Steveson has already made it clear he sees this as only the beginning. After signing with the UFC, the gold medalist confidently declared, “This is going to be the biggest debut on earth, and I’m ready.”
Is Gable Steveson training with Jon Jones?
Gable Steveson has been training alongside Jon Jones for a while now. The partnership started way before Steveson’s MMA career began. He originally joined Jones’ camp to help him prepare for a planned fight with Stipe Miocic, training alongside grappling standout Gordon Ryan in what became one of the more talked-about camps in recent UFC history.
Since then, Jones has shifted from training partner to mentor, overseeing Steveson’s transition into mixed martial arts. Not everyone, however, is convinced that’s the ideal setup. UFC Hall of Famer Daniel Cormier has publicly questioned whether Jon Jones can fully dedicate himself to developing Steveson while remaining an active fighter.
“You have to become secondary to everyone that you coach,” Cormier said. “Jon is still on the roster, he’s an active fighter, and I don’t know if he can be as giving and selfless to make Gable the true star of the show. You’ve got to make the other guy. You’ve got to make your athlete the star of the show.”

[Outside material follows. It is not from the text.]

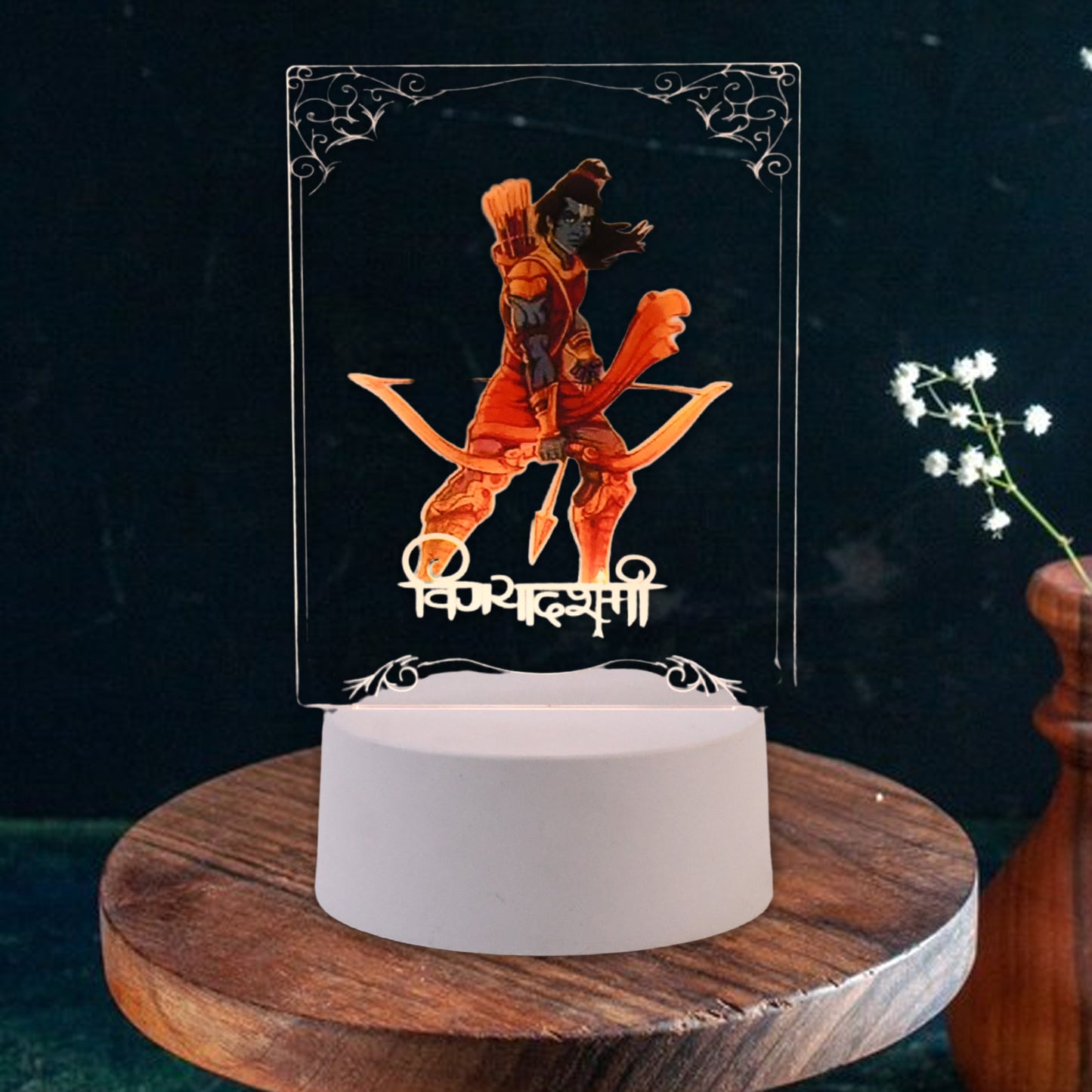 Beautiful 3d Lord Shree Ram Frame With Soft White Light (1 Pc) - Happy Price - Image 3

Cormier also suggested that having Jones as his coach could ultimately slow Steveson’s development if the former champion is unable to devote his full attention to the role.

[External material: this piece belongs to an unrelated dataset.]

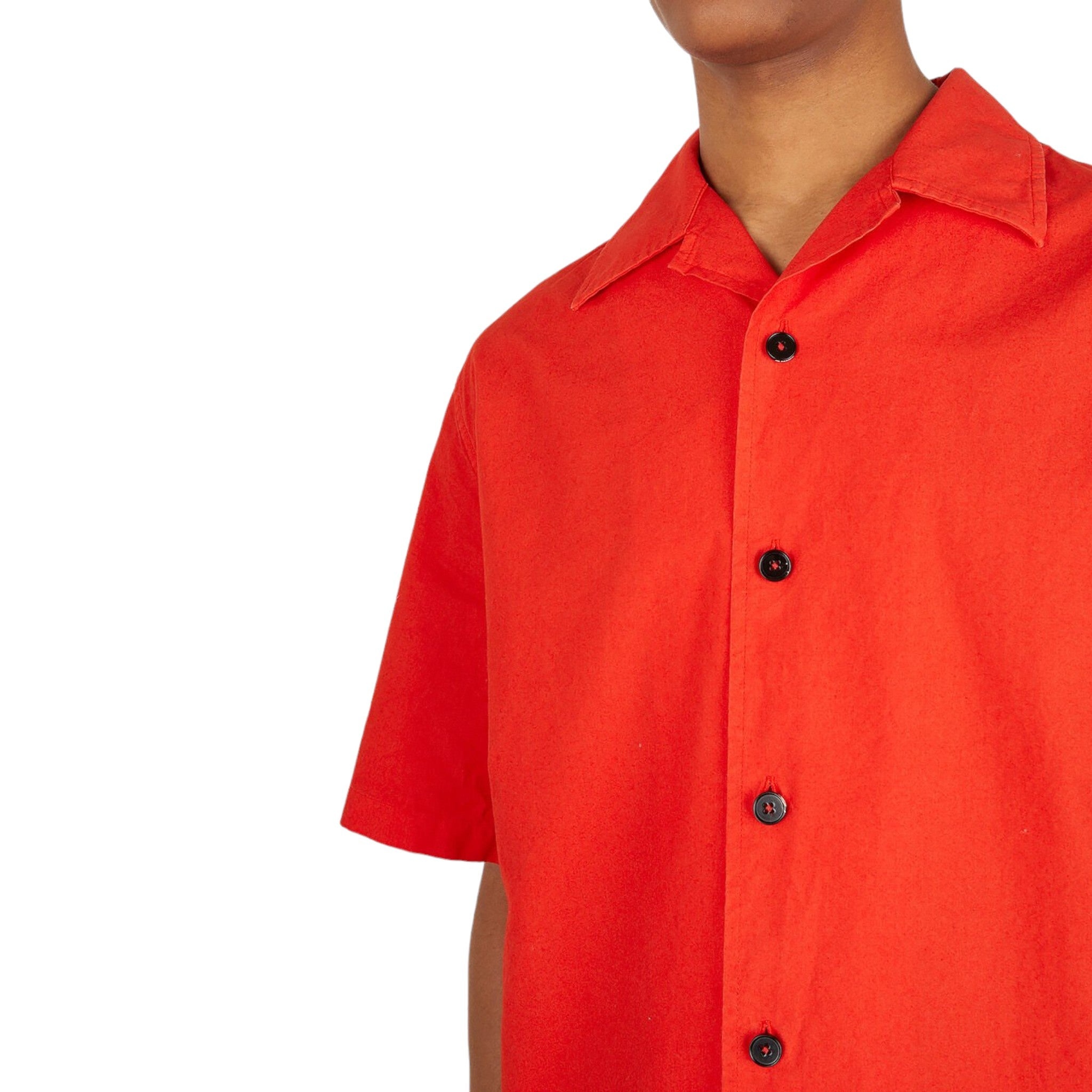 Jil Sander Men's Solid Canvas Camp Shirt in Red - 4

Steveson, however, has embraced the arrangement. While he has said the final decision on when he’s ready to compete rests with him, he also admitted he trusts Jones to tell him when the moment has truly arrived.
The clearest evidence that the wrestling hasn’t gone anywhere came a month before his UFC debut. On May 30 in Arlington, Texas, Steveson made his Real American Freestyle debut against Alexandr Romanov, a former UFC and PFL Heavyweight with a 22-4 professional MMA record built on legitimate grappling credentials. Steveson controlled the match from the opening exchange and closed it out with a 10-0 technical fall in the second period.
Jon Jones was there in Steveson’s corner the entire time, watching the fight closely. Although it was a wrestling match under wrestling rules, not an MMA fight, it answered the one real question hanging over the move to the UFC: whether five years away from competitive wrestling had taken anything off him. It hadn’t.